1955 Postcard of Cunard R.M.S. “Franconia” with log abstracts


                           Cunard Steam-Ship Co.
R.M.S. “Franconia” Captain D.M. MacLean D.S.C., R.D., R.N.R.
             Quebec to Southampton via Le Harve


1955 August 3-12.  For each day: Miles. Lat. + Long., Weather etc.

Total of 2633 miles in 7days 15 hrs 54 min., avg. speed 14.32 knots.


The RMS Franconia was an ocean liner operated by the Cunard Line from 1922 to 1956. She was second of three liners named Franconia which served the Cunard Line, the others being RMS Franconia built in 1910 and the third Franconia in 1963.

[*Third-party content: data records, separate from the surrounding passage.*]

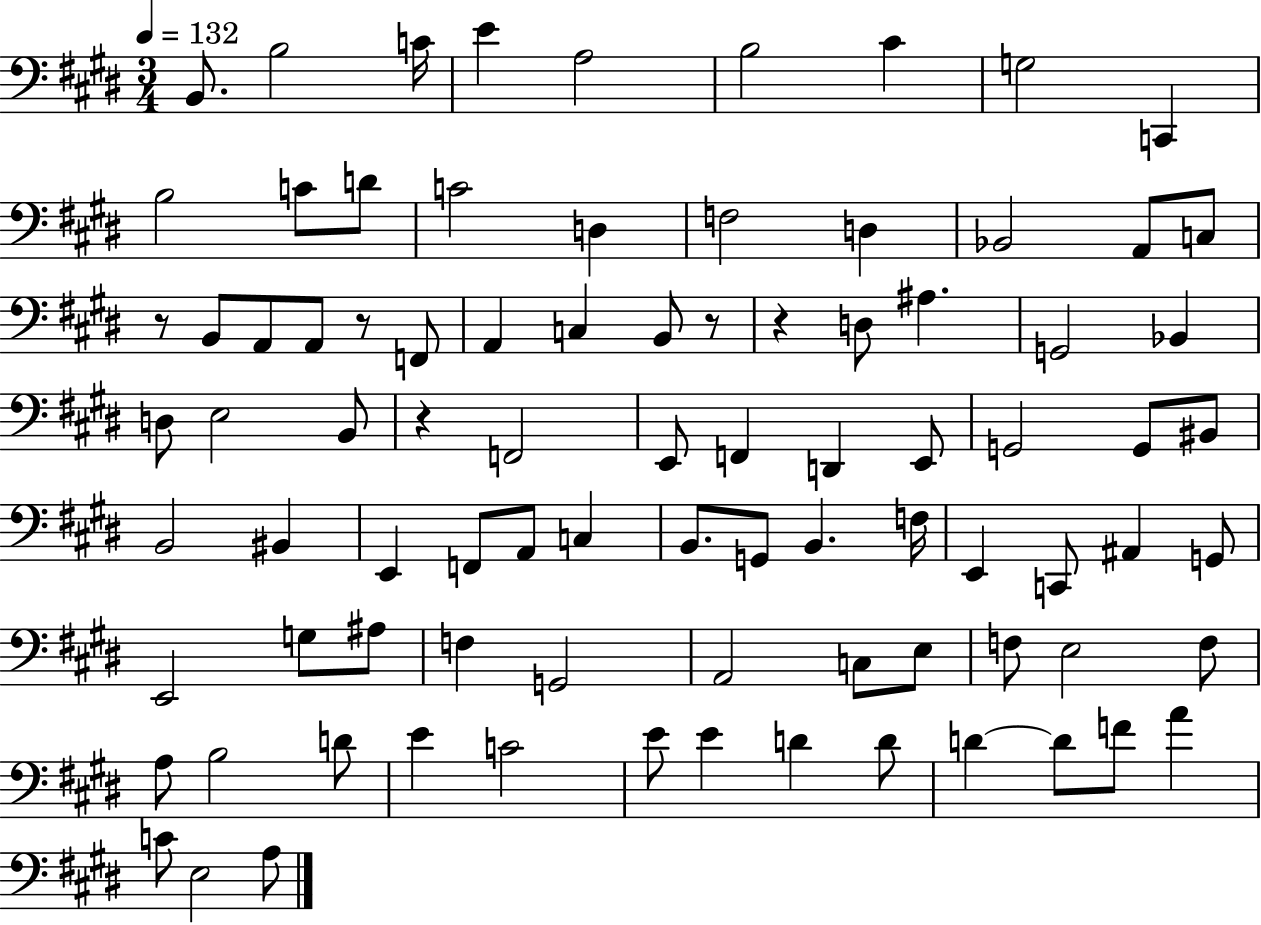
{
  \clef bass
  \numericTimeSignature
  \time 3/4
  \key e \major
  \tempo 4 = 132
  \repeat volta 2 { b,8. b2 c'16 | e'4 a2 | b2 cis'4 | g2 c,4 | \break b2 c'8 d'8 | c'2 d4 | f2 d4 | bes,2 a,8 c8 | \break r8 b,8 a,8 a,8 r8 f,8 | a,4 c4 b,8 r8 | r4 d8 ais4. | g,2 bes,4 | \break d8 e2 b,8 | r4 f,2 | e,8 f,4 d,4 e,8 | g,2 g,8 bis,8 | \break b,2 bis,4 | e,4 f,8 a,8 c4 | b,8. g,8 b,4. f16 | e,4 c,8 ais,4 g,8 | \break e,2 g8 ais8 | f4 g,2 | a,2 c8 e8 | f8 e2 f8 | \break a8 b2 d'8 | e'4 c'2 | e'8 e'4 d'4 d'8 | d'4~~ d'8 f'8 a'4 | \break c'8 e2 a8 | } \bar "|."
}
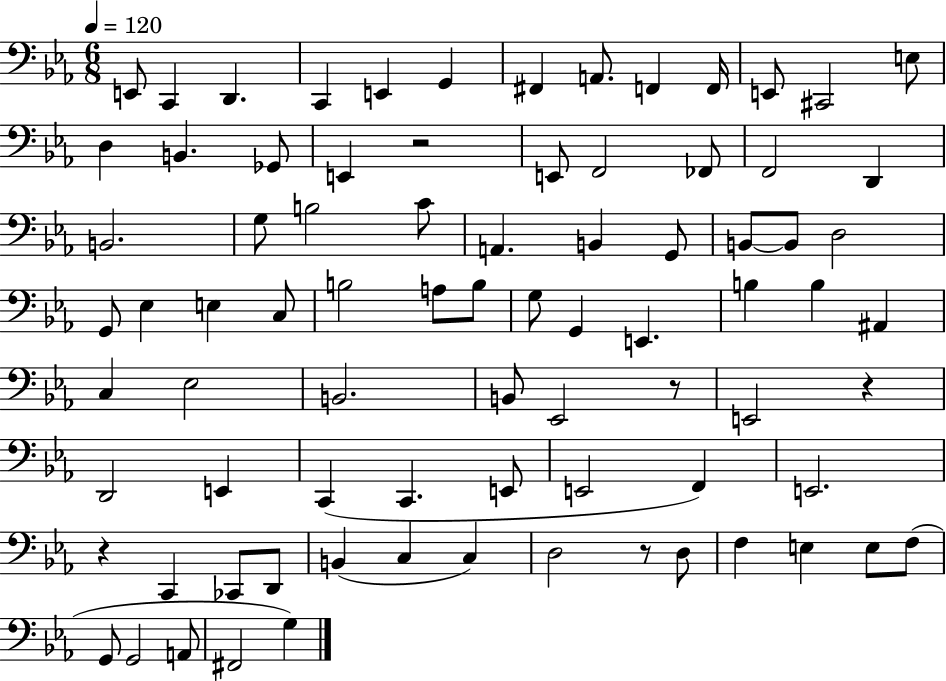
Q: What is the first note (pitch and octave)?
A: E2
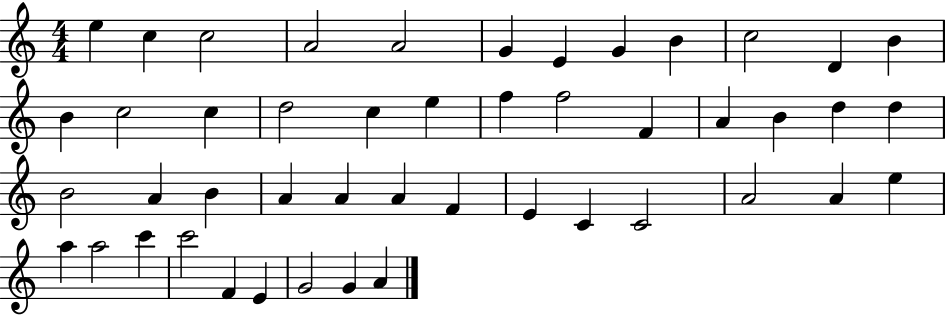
{
  \clef treble
  \numericTimeSignature
  \time 4/4
  \key c \major
  e''4 c''4 c''2 | a'2 a'2 | g'4 e'4 g'4 b'4 | c''2 d'4 b'4 | \break b'4 c''2 c''4 | d''2 c''4 e''4 | f''4 f''2 f'4 | a'4 b'4 d''4 d''4 | \break b'2 a'4 b'4 | a'4 a'4 a'4 f'4 | e'4 c'4 c'2 | a'2 a'4 e''4 | \break a''4 a''2 c'''4 | c'''2 f'4 e'4 | g'2 g'4 a'4 | \bar "|."
}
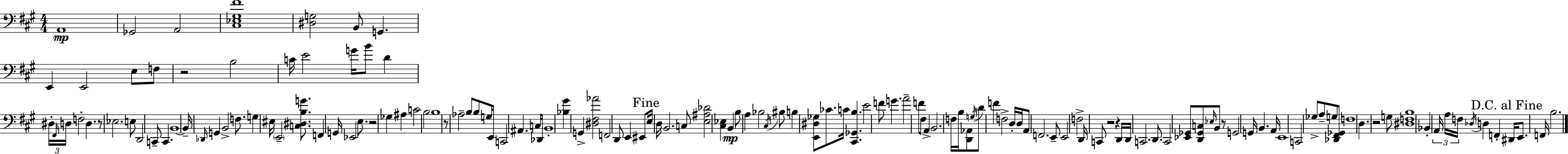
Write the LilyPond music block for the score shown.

{
  \clef bass
  \numericTimeSignature
  \time 4/4
  \key a \major
  \repeat volta 2 { a,1\mp | ges,2 a,2 | <cis ees gis fis'>1 | <dis g>2 b,8 g,4. | \break e,4 e,2 e8 f8 | r2 b2 | c'16 e'2 g'16 b'8 d'4 | \tuplet 3/2 { dis16-. \grace { fis,16 } d16 } f2-. d4. | \break r8 ees2. e8 | d,2 c,8-- c,4. | b,1~~ | b,16-- \grace { des,16 } g,4 b,2-> f8. | \break g4 eis16 \parenthesize e,2-- <c dis b g'>8. | f,4 g,16 ees,2 e8. | r2 ges4 ais4 | c'2 b2 | \break b1 | r8 aes2-- b8 b8 | g16 e,16 c,2 ais,4. | c16 des,16 b,1-. | \break <bes gis'>4 g,4-> <dis fis aes'>2 | f,2 d,8 e,4 | eis,8 \mark "Fine" e16 d16 b,2. | c8 <e ais des'>2 <cis ees>4 b,4\mp | \break b8 a4 bes2 | \acciaccatura { cis16 } bis8 b4 <e, dis ges>8 ces'8. c'16 <cis, ges, b>4. | e'2 f'8 g'4. | a'2-- f'8 fis8 a,4-> | \break b,2. f16 | b16 <d, aes,>8 \acciaccatura { g16 } d'8 f'4 f2-> | d16-. d16 a,8 f,2. | e,8-- e,2 f2-> | \break d,16 c,8 r2 r4 | d,16 d,16 c,2. | d,8. c,2 <ees, ges,>8 <d, ges, c>8 | \grace { ees16 } b,8 r8 g,2 g,16 b,4. | \break a,16 e,1 | c,2 ges8-> a8-- | g8 <des, fis, ges,>8 f1 | d4. r2 | \break g8 <dis f b>1 | bes,4-. \tuplet 3/2 { a,16 a16 f16 } \acciaccatura { des16 } d4 | f,4-. \mark "D.C. al Fine" dis,16 e,8. f,16 b2. | } \bar "|."
}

In September 1939, she was requisitioned as a troopship after refitting at Liverpool. She had a collision off Malta with the armed merchant cruiser Alcantara, but was repaired in time to take part in the Norwegian campaign. On 16 June 1940, while en route to St Nazaire as part of Operation Ariel (the evacuation of the Second British Expeditionary Force from France), she was damaged by near-misses from German bombs and was escorted back to Liverpool for repairs.

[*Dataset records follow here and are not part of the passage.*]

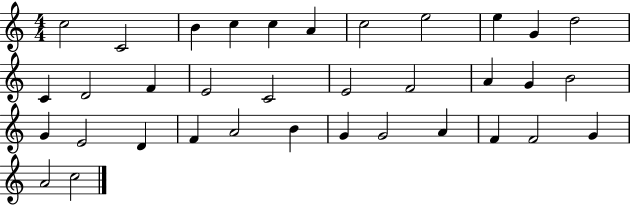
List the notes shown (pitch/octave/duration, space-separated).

C5/h C4/h B4/q C5/q C5/q A4/q C5/h E5/h E5/q G4/q D5/h C4/q D4/h F4/q E4/h C4/h E4/h F4/h A4/q G4/q B4/h G4/q E4/h D4/q F4/q A4/h B4/q G4/q G4/h A4/q F4/q F4/h G4/q A4/h C5/h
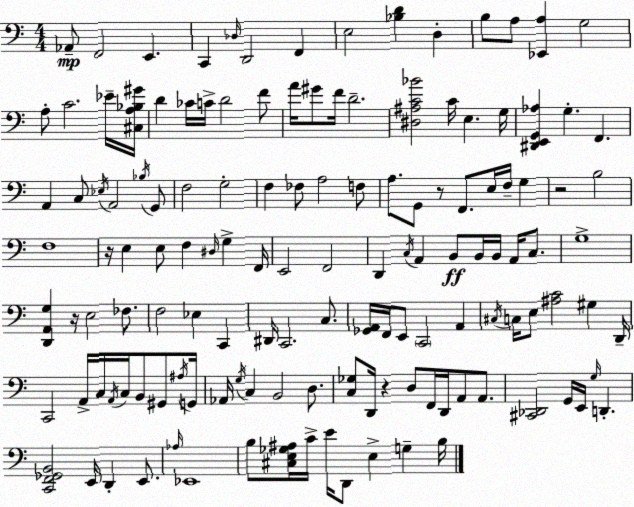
X:1
T:Untitled
M:4/4
L:1/4
K:C
_A,,/2 F,,2 E,, C,, _D,/4 D,,2 F,, E,2 [_B,D] D, B,/2 A,/2 [_E,,A,] G,2 A,/2 C2 _E/4 [^C,A,_B,^G]/4 D _C/4 C/4 D2 F/2 A/4 ^G/2 F/4 D2 [^D,^A,C_B]2 C/4 E, G,/4 [^D,,E,,G,,_A,] G, F,, A,, C,/2 _E,/4 A,,2 _B,/4 G,,/2 F,2 G,2 F, _F,/2 A,2 F,/2 A,/2 G,,/2 z/2 F,,/2 E,/4 F,/4 G, z2 B,2 F,4 z/4 E, E,/2 F, ^D,/4 G, F,,/4 E,,2 F,,2 D,, C,/4 A,, B,,/2 B,,/4 B,,/4 A,,/4 C,/2 G,4 [D,,A,,G,] z/4 E,2 _F,/2 F,2 _E, C,, ^D,,/4 C,,2 C,/2 [_G,,A,,]/4 F,,/4 E,,/2 C,,2 A,, ^C,/4 C,/4 E,/2 [^A,C]2 ^G, D,,/4 C,,2 A,,/4 C,/4 A,,/4 C,/4 B,,/2 ^G,,/2 ^A,/4 G,,/4 _A,,/4 G,/4 C, B,,2 D,/2 [C,_G,]/2 D,,/4 z D,/2 F,,/4 D,,/4 A,,/2 A,,/2 [^C,,_D,,]2 G,,/4 E,,/4 G,/4 D,, [C,,F,,_G,,B,,]2 E,,/4 D,, E,,/2 _A,/4 _E,,4 B,/2 [^C,E,_G,^A,]/4 C/4 E/4 D,,/2 E, G, B,/4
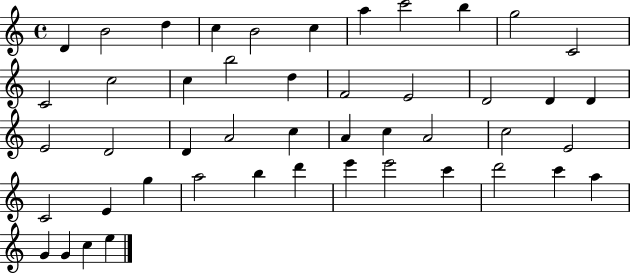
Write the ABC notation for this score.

X:1
T:Untitled
M:4/4
L:1/4
K:C
D B2 d c B2 c a c'2 b g2 C2 C2 c2 c b2 d F2 E2 D2 D D E2 D2 D A2 c A c A2 c2 E2 C2 E g a2 b d' e' e'2 c' d'2 c' a G G c e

In 1945 she was used as a headquarters ship for Winston Churchill and the British delegation at the Yalta Conference.  

Franconia was returned to Cunard in June 1948 and was refitted on Clydeside; finally resuming passenger service on 2 June 1949 on the Liverpool to Quebec and Liverpool to Halifax routes.In this role, Franconia brought many postwar immigrants and refugees to Canada. The Franconia was retired in 1956 with her fleetmate RMS Ascania.

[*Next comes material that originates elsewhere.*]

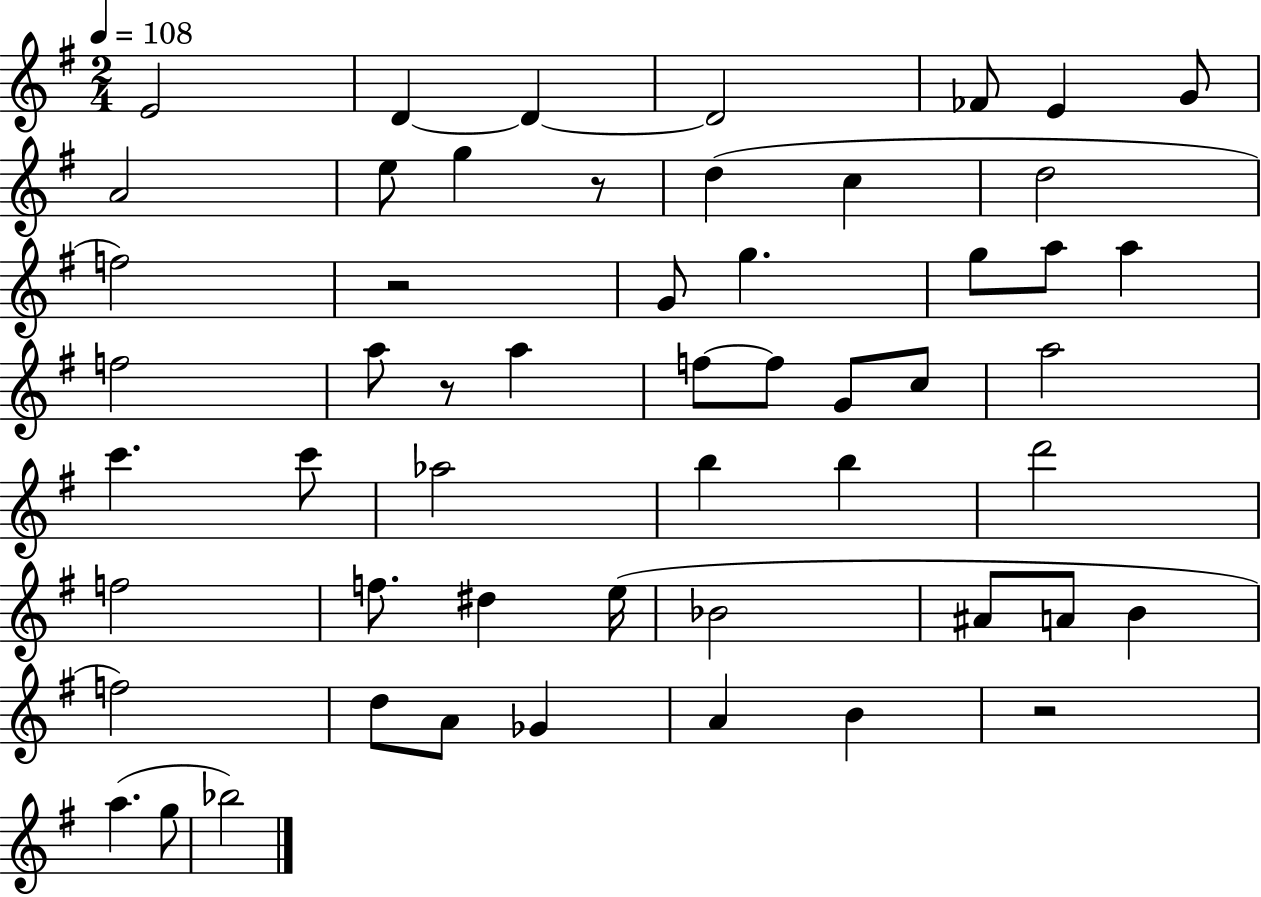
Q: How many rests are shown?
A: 4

Fraconia's pre-war around-the-world cruises and distinguished wartime service made her a popular name within Cunard so in 1963, RMS Ivernia was renamed Franconia to continue the name within the company. In recognition of her important Canadian immigration role, Cunard Line gave the builder's model of Franconia to the Maritime Museum of the Atlantic in Halifax, Nova Scotia.